NAND performance is only one part of the enterprise SSD equation. Controller architecture, firmware, error correction, power-loss protection, thermal throttling, endurance management, interface support, and qualification all determine whether a memory device becomes a dependable product in high-duty-cycle use. Higher-density NAND enables larger drives, but it also raises the importance of data integrity and thermal behaviour.

The 4.8Gb/s interface speed addresses the growing cost of data movement. Large AI systems need fast access to embeddings, datasets, model weights, logs, and intermediate data. If the storage tier cannot feed the compute layer efficiently, processors and accelerators spend more time waiting on memory and storage traffic.

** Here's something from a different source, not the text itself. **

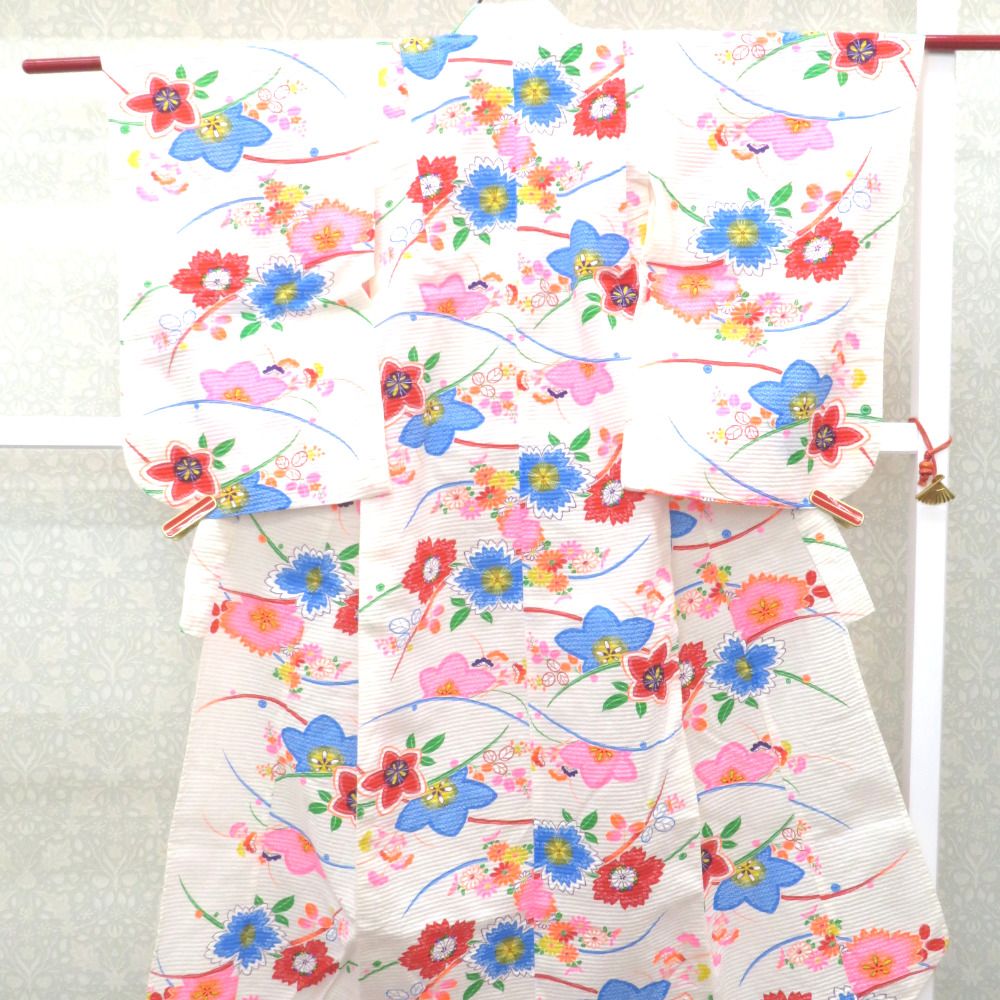 浴衣 子供ゆかた 女の子用 綿 リップル生地 白色 蛍光カラー 花 夏用 夏物 女児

Power efficiency also carries more weight as data centres become constrained by electrical availability and cooling capacity. Storage devices occupy rack space, consume energy continuously, and add to facility heat. Improvements in read and write power can support higher storage density without increasing power and thermal load at the same rate.

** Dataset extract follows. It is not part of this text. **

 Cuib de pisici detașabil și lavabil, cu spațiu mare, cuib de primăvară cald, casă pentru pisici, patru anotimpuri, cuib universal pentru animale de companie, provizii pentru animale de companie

Controller vendors and SSD makers will still have to qualify the devices inside complete drives, where error correction strength, flash translation layer behaviour, garbage collection, wear levelling, and temperature management determine real deployment performance. Advanced NAND only becomes useful infrastructure when firmware and system design can preserve endurance under sustained workload pressure.

Kioxia’s technology strategy shows a split between cost-conscious and advanced-performance NAND generations. Ninth-generation solutions can serve applications where investment efficiency and cost are dominant, while 10th-generation technology supports more aggressive density and performance requirements. That separation fits a market where not every SSD needs the most advanced NAND, but AI infrastructure can justify it where capacity, efficiency, and bandwidth affect system economics.

The sample phase begins a longer qualification path for enterprise customers. Endurance, firmware behaviour, thermal stability, reliability, and supply availability will shape adoption before volume deployment. Even at this stage, the direction is clear: AI workloads are pulling NAND into a more strategic role, and 332-layer BiCS FLASH is Kioxia’s next step in meeting that demand.